What is being asked → Could you write the entries out again, exactly as they are?
*** Provided data Section Begins ***
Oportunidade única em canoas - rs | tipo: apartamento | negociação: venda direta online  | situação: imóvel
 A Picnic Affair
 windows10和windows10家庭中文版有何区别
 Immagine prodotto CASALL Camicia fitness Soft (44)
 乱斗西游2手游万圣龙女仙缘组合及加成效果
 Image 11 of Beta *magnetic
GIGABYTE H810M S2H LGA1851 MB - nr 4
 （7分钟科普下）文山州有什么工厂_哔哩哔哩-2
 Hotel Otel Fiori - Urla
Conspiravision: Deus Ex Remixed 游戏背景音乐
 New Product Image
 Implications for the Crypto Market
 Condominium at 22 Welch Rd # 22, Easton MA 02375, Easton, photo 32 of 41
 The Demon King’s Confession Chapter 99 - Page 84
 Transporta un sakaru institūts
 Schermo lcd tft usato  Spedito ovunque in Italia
*** Provided data Section Ends ***
Solved problem →
Oportunidade única em canoas - rs | tipo: apartamento | negociação: venda direta online  | situação: imóvel
 A Picnic Affair
 windows10和windows10家庭中文版有何区别
 Immagine prodotto CASALL Camicia fitness Soft (44)
 乱斗西游2手游万圣龙女仙缘组合及加成效果
 Image 11 of Beta *magnetic
GIGABYTE H810M S2H LGA1851 MB - nr 4
 （7分钟科普下）文山州有什么工厂_哔哩哔哩-2
 Hotel Otel Fiori - Urla
Conspiravision: Deus Ex Remixed 游戏背景音乐
 New Product Image
 Implications for the Crypto Market
 Condominium at 22 Welch Rd # 22, Easton MA 02375, Easton, photo 32 of 41
 The Demon King’s Confession Chapter 99 - Page 84
 Transporta un sakaru institūts
 Schermo lcd tft usato  Spedito ovunque in Italia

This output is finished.